### Required work
Your reply must hold the lines from the one containing "VIPWOLF Men's Zip" to the end of the entries, copied exactly, with pictures excluded.

### Exercise inputs
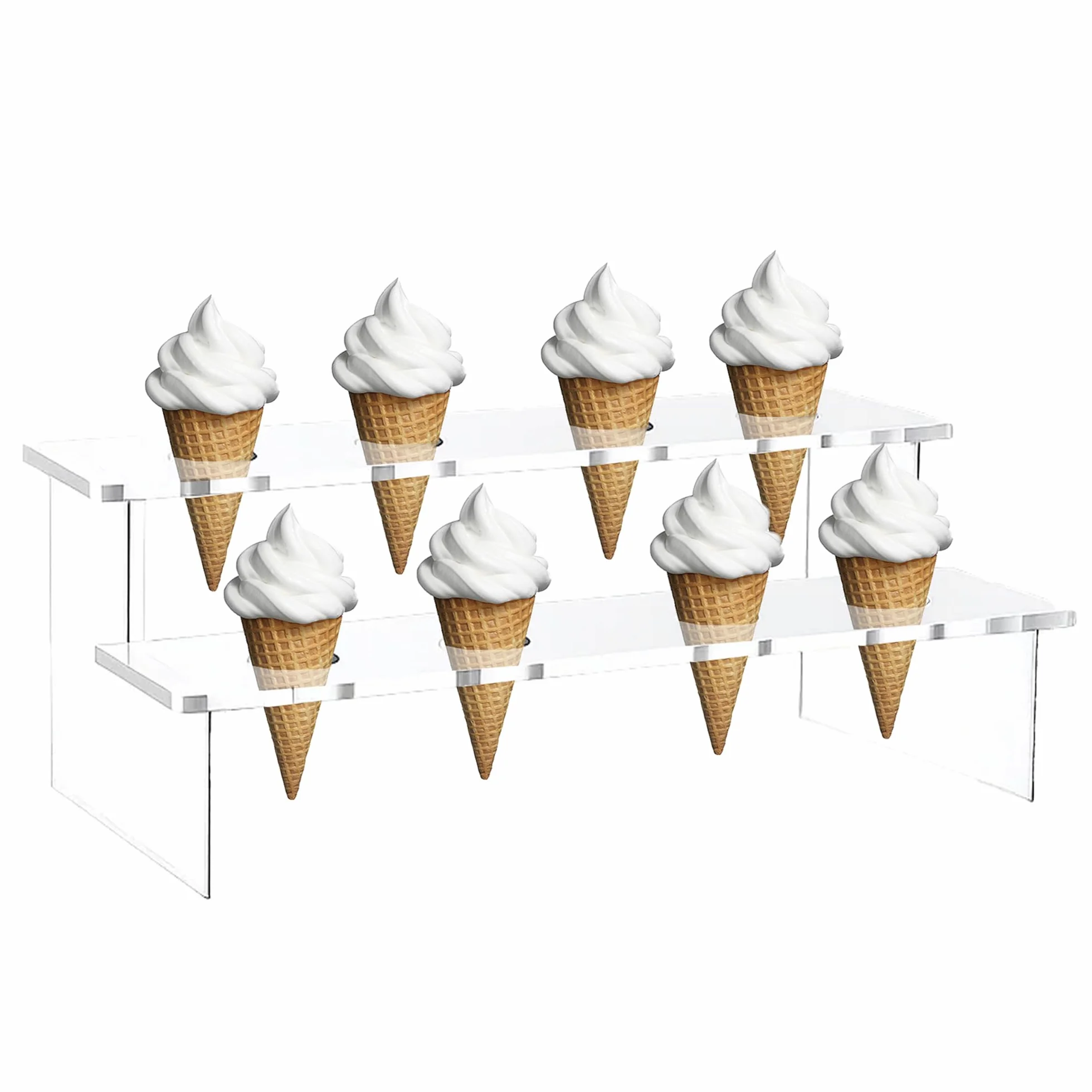 Akrylowy Stoisk Na Lody 8-Otworowy Przezroczysty Prostokątny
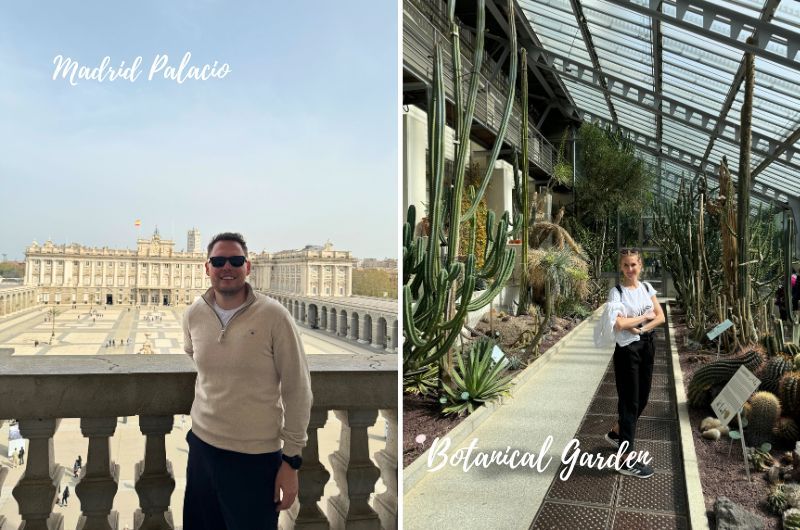 traveler taking a photo overlooking the Madrid Palace and a traveler posing in the botanical garden in Madrid, Spain, photo by Next level of travel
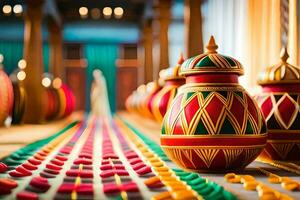 coloré des vases sont doublé en haut sur une tableau. généré par ai photo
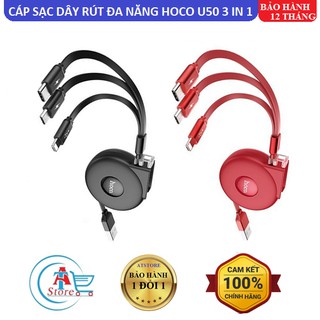 Cáp Sạc Đa Năng 3 Đầu Hoco U50 3 in 1 Chính Hãng - BH 12 Tháng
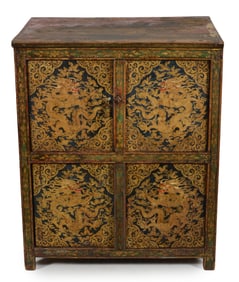 Cabinet. Tibet. 18th/19th century. Surface decorated with gilt dragons. 37 H x 31 W x 22in D.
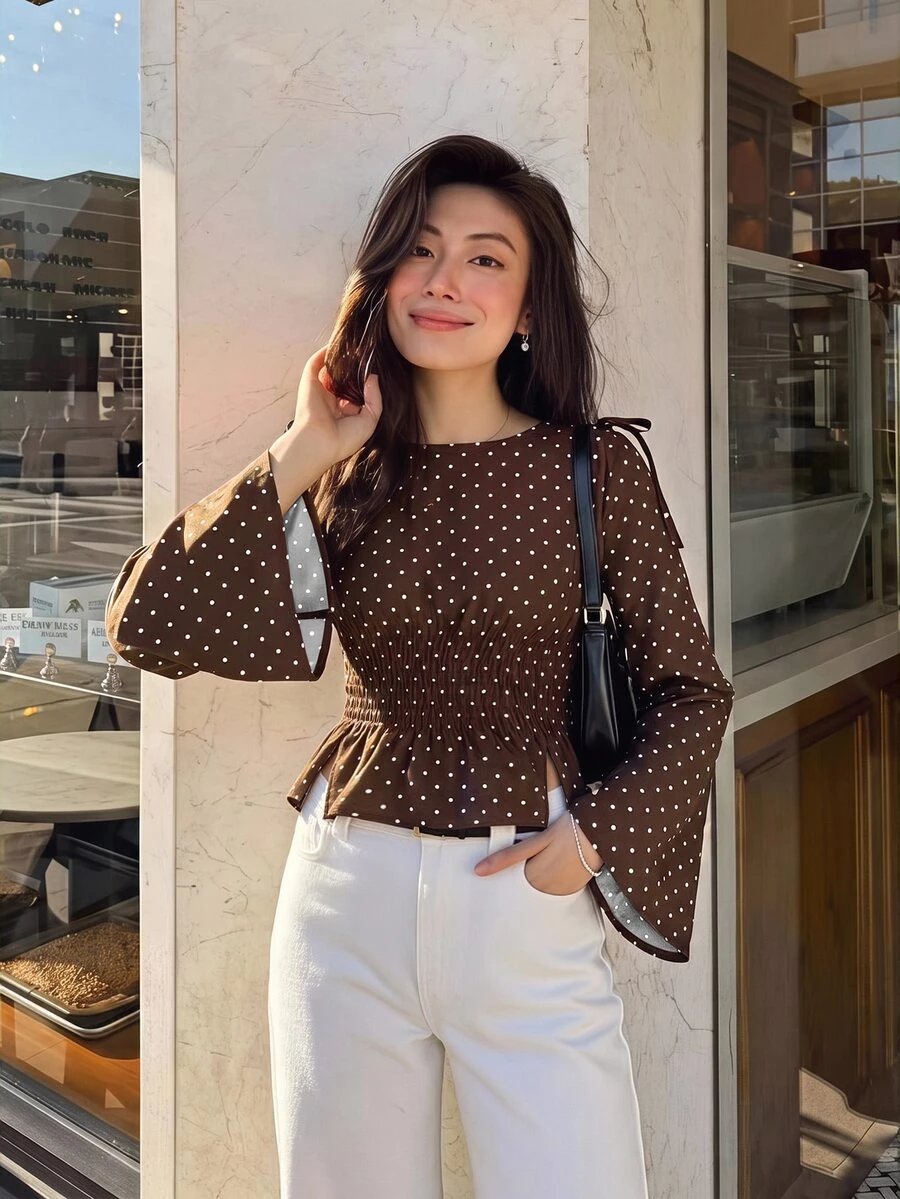 Serisse Women's Polka Dot Pattern Bell Sleeve Knot Round Neck Ruffle Hem Blouse - Brown - View 1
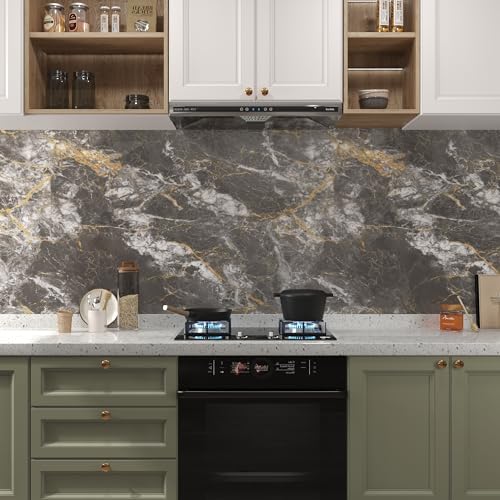 BAYYA Countertop Covers Peel Stick Wallpaper Glossy Marble Contact Paper - Image 4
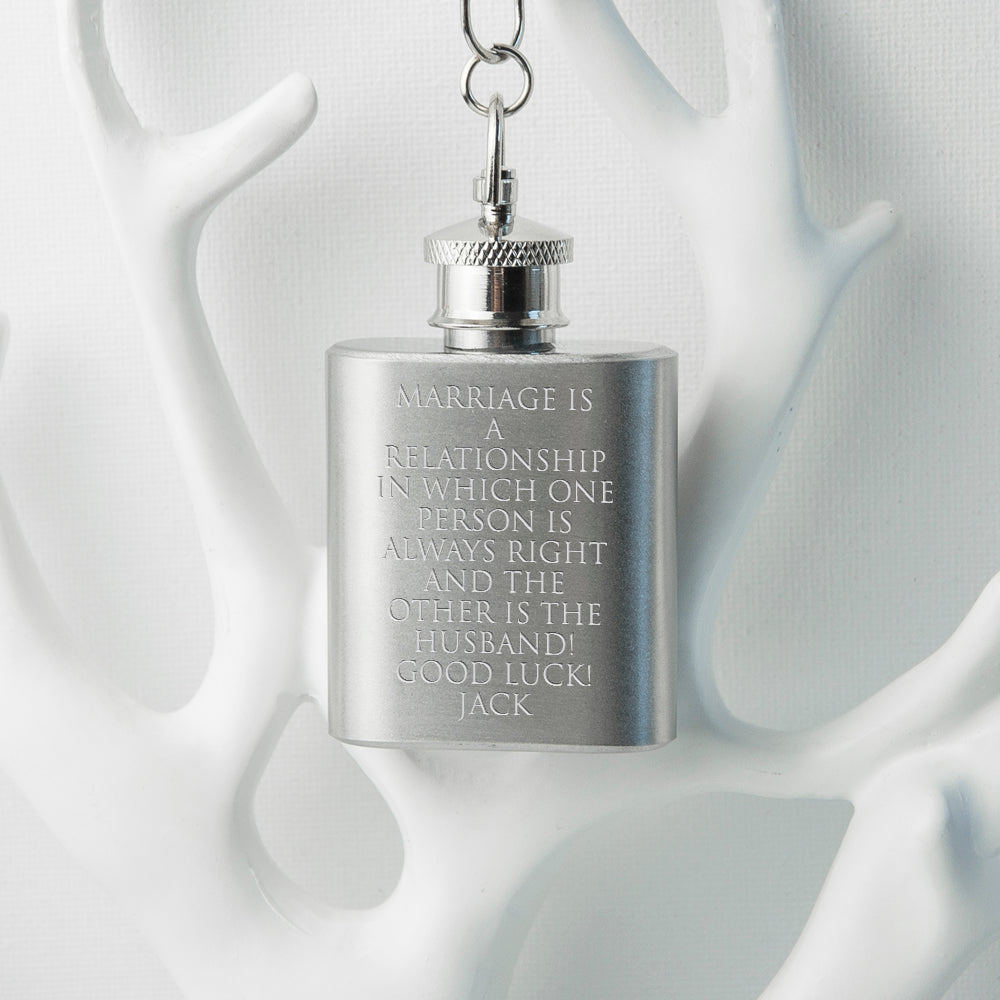 Personalized Silver Plated Lucky Sixpence Mini Hip Flask - GiftsofaKind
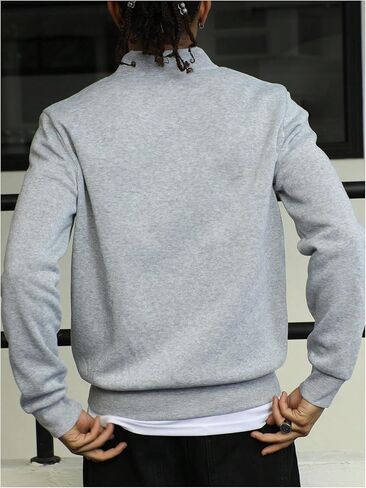 VIPWOLF Men's Zip Up Sweatshirts Long Sleeve Baseball Collar Casual Jackets Outwear in Saudi Arabia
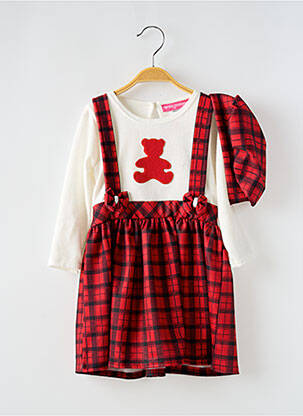 Robe courte rouge P'TIT MÔME pour fille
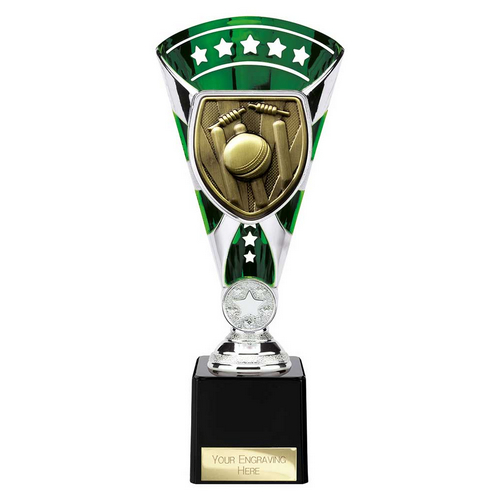 Cobra Star Cricket Trophy | Green & Silver | 230mm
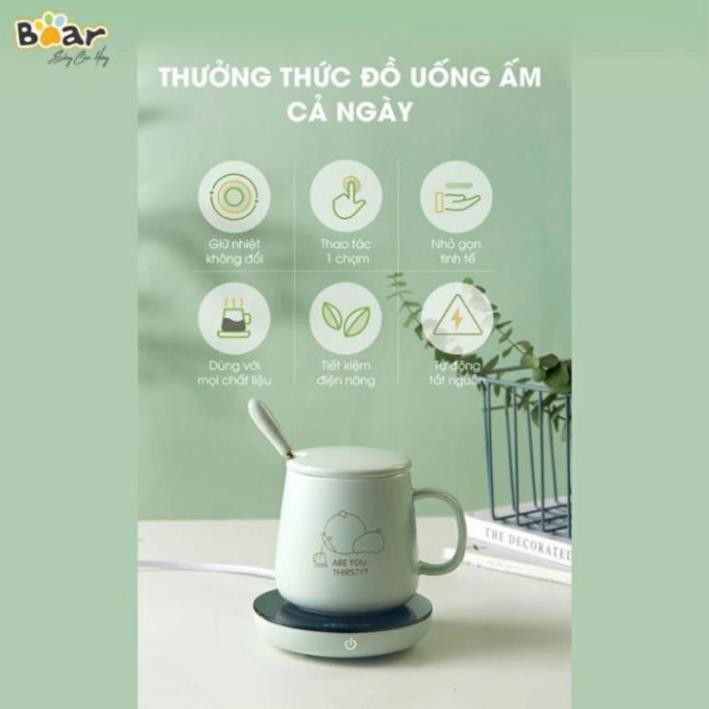 Đế Hâm Nóng Đồ Uống Thức Ăn Đa Năng Bear, Đế Làm Nóng Đồ Uống Bằng Điện, An Toàn_ Kèm Cốc_Bear DRBD-A16B1_ BH 1 Năm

### Answer to this exercise
 VIPWOLF Men's Zip Up Sweatshirts Long Sleeve Baseball Collar Casual Jackets Outwear in Saudi Arabia
 Robe courte rouge P'TIT MÔME pour fille
 Cobra Star Cricket Trophy | Green & Silver | 230mm
 Đế Hâm Nóng Đồ Uống Thức Ăn Đa Năng Bear, Đế Làm Nóng Đồ Uống Bằng Điện, An Toàn_ Kèm Cốc_Bear DRBD-A16B1_ BH 1 Năm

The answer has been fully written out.